WHAT NEEDS TO BE DONE:
Look through the data and write out every line with the word "photo" in it.

THE INPUT:
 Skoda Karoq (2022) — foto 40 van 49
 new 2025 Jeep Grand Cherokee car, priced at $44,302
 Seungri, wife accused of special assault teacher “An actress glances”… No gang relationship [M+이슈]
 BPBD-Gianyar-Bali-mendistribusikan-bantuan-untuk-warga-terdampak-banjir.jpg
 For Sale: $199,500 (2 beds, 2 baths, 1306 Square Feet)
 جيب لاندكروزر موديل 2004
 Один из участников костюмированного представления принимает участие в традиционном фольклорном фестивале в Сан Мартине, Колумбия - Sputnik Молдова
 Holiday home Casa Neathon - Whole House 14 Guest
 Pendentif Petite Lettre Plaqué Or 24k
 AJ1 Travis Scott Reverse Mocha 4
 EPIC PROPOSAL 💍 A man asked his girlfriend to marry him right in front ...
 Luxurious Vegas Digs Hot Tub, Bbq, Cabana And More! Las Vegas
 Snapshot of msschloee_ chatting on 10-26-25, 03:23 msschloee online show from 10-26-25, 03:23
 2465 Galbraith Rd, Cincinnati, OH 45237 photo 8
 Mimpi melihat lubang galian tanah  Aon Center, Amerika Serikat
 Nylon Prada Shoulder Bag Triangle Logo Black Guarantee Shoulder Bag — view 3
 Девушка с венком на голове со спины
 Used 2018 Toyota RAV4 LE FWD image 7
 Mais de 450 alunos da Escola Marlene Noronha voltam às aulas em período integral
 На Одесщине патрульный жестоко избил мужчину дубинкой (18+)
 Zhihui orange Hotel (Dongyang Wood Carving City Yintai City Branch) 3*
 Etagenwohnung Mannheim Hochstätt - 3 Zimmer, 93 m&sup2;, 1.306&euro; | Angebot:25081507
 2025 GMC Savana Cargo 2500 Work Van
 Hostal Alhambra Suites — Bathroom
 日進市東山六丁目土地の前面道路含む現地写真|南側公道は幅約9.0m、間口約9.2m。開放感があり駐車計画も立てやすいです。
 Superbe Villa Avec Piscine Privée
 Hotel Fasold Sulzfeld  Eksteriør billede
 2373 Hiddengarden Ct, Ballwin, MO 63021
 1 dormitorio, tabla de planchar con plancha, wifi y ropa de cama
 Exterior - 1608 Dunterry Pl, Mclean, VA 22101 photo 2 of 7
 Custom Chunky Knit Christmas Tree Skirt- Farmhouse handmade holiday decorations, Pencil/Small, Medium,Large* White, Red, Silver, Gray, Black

SOLUTION TO THIS PROBLEM:
 2465 Galbraith Rd, Cincinnati, OH 45237 photo 8
 Exterior - 1608 Dunterry Pl, Mclean, VA 22101 photo 2 of 7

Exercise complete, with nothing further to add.